Alguien ha dicho que en los fondos de este mar yacen las utopías de más de 37.000 africanos y africanas que un día abandonaron una tierra arrancada de un Paraíso en llamas. Porque durante siglos la miseria trepó por sus huesos y la desdicha campó a sus anchas por sus venas. Entonces no sabían que dejaban atrás los restos de un naufragio anunciado.

No, la culpa de este nuevo holocausto blanqueado de solidaridad internacional no la tiene un bastardo llamado Salvini, ni las mafias o las voluntades europeas. Esa es solo la dosis exacta que nos pone de mala hostia. La verdadera culpa está en la distribución asimétrica de las condiciones de vida entre Binaté Bemsi que huyó de Costa de Marfil y las mías o las de usted mismo. Porque nuestro bienestar, nuestro individualismo liberal, nuestros consumos y hasta nuestra propia salud la hemos construido a través de la colonialidad de “ellos”, de esos países incautados de riquezas y recursos.

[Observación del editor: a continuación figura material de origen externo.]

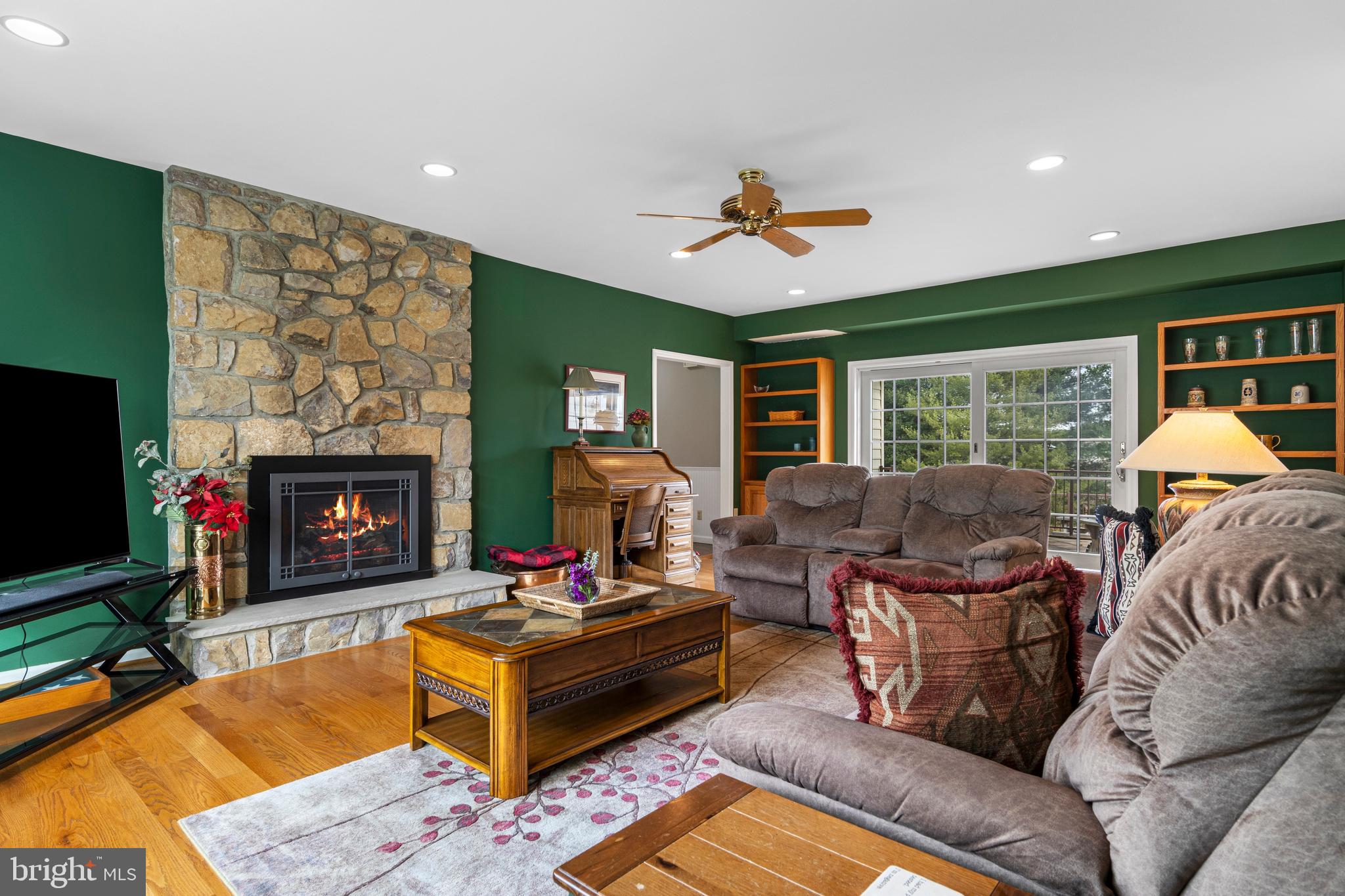 BOW TREE - Residential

Toda esta carnicería empezó expropiando la vida de millones de esclavos y continuó en el siglo XIX, cuando las potencias coloniales se repartieron el continente a golpe de cartabón hasta extraerle las entrañas. Desde entonces los progromos, el hambre y las guerras han dejado 49.000.000 muertos. Dicen que la tierra roja de África está teñida de toda esa sangre. Que esas almas deambulan buscando un sitio donde la noche no sea efímera. Pero no existe. Porque en África ya no hay lugar para tanta muerte.